Baby Driver (2017) REVIEW (Minor Spoilers)

In this genre-bending ride of a film, writer/director Edgar Wright comes back once again to successfully blend action with comedy, this time adding elements from musicals and romance to create one high-octane adrenaline rush for film and music lovers alike.  It goes without saying that the breakneck yet never straining editing across all of Wright’s filmography is something that should be praised, however, this film’s editing uses music unlike anything I’ve ever seen before.  It’s almost as if Wright directed a 1hr  53min music video consisting of breathtaking car chases and action sequences intermixed with well written scenes of dialogue.

There is a small scene early on in the film in which our main protagonist, Baby, is walking through the streets of Atlanta to get coffee from a local shop.  This whole scene which lasts only for a few minutes was impressively filmed in one shot, but more impressively was the way the music elevated the scene.  Every sound effect and visual action were matched precisely to the beat of the music, sometimes having lyrics show up in the form of wall graffiti just as that same lyric is sung in the song.  Although this may seem to halt the progression of the plot and be stylistically over-indulgent, Wright is talented enough of a writer to make this scene not go to waste.  Our protagonist has had tinnitus since childhood and must listen to music constantly from his earbuds in order to drown out the ringing sound.  That is why the music in this film is used in a wholly unique way; rather than just serving as background music to evoke a mood, it is a part of the main character and actually shows us how he views the world through the soundtrack to his life.

Ansel Elgort’s performance as Baby was nothing special but it is good enough to carry the film along.  That may seem like a back-handed compliment but there is nothing Elgort can do because his character doesn’t have much to say and is stone-faced most of the time.  Lily James gives a great performance as the romantic interest to Baby.  Her character, Debora, is a waitress at a local diner and her character brings a subtle innocence to the film.  Kevin Spacey’s performance as the crime boss who hired Baby never fails to disappoint.  Although his vocal delivery was cold and monotonous as usual, Spacey still has that power to have all the emotion and anger seep through from behind the words.  Jamie Foxx comes back strong with a fierce performance as Bats, the unpredictable and off-the-wall crew member taking part in the heist.  Jon Hamm is also in the film and so is Eliza Gonzales, both dong a great job at playing a crime couple in the likes of Bonnie and Clyde.  It was also nice to see Jon Bernthal give an exceptional, albeit brief, performance.
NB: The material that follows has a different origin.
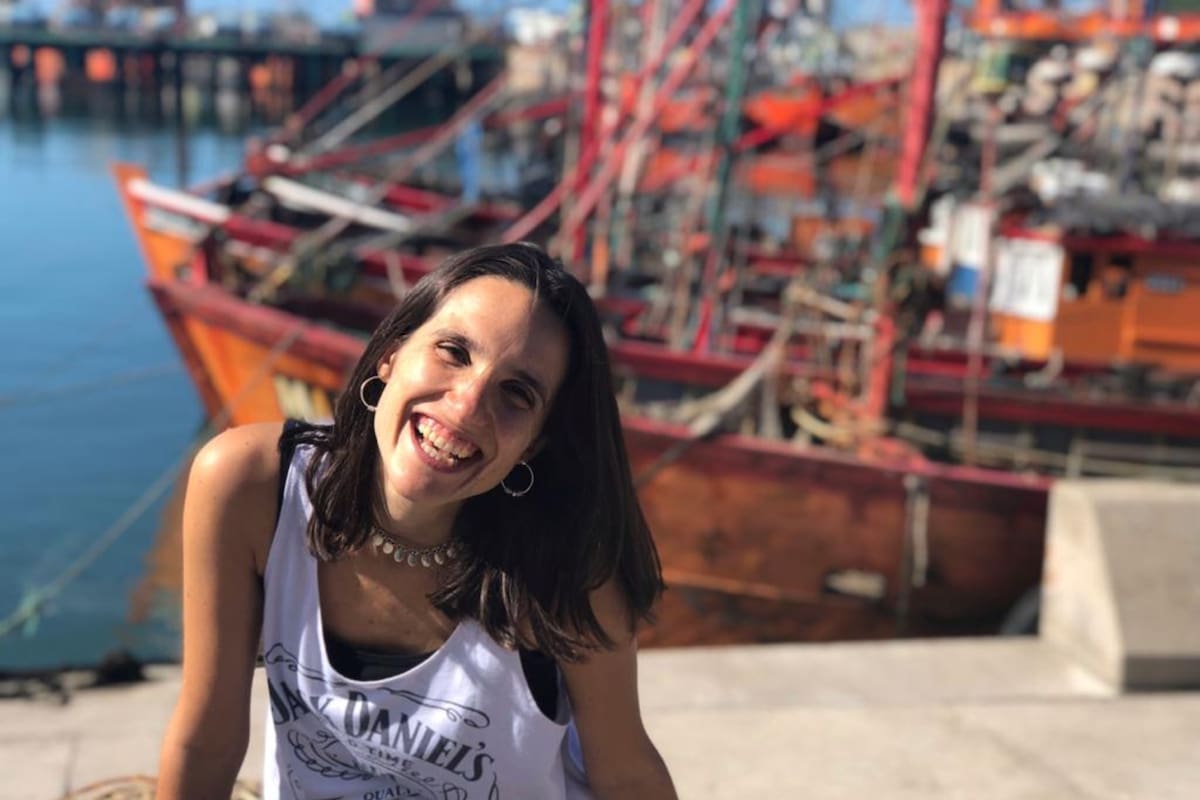 Después de muchos años de mal humor producto de su enfermedad, Agustina sonríe y disfruta del día a día.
If there are any negatives to extract from this film, to me it would be the rushed romance.  It felt almost as if the relationship between Baby and Deborah grew too quickly and resulted in decisions made mainly by Deborah that had me questioning her intelligence.  However, this is me stretching to find a negative and it did not bother me while watching the film.  Only after thinking about it hours later did I notice.  Aside from the small nitpick, the script is incredibly tight, unsurprisingly so considering that Wright wrote all of it himself.  His ability to recall earlier events and make callbacks is so gratifying and makes his films so satisfying to watch.  For example, there is a line of dialogue in which a woman quotes Dolly Parton about having to go through rain in order to see the rainbow and is later recalled at the end of the film when we see a rainbow stretching across the sky in a way that avoids being cheesy.  Script details like this are what make Edgar Wright one of the best writer/director combos in Hollywood today.

Baby Driver is a must-see for film and music fans.  I know I am and I had a wide smile across my face the entire time.  Not only is it a fun time at the cinema, but it is an expertly crafted piece of art with a sharply technical edge that I know many people will never notice.  What makes it even more worthwhile is that while surrounded in a world of reboots, spin-offs, sequels and prequels, Baby Driver is a completely original film and not enough of them are nearly getting the recognition they deserve.  There is so much more good to be said about this film but I will avoid doing so because it would only lead to something like a 20 page essay paper.  Please just go out and buy a ticket to see this film, you won’t regret it.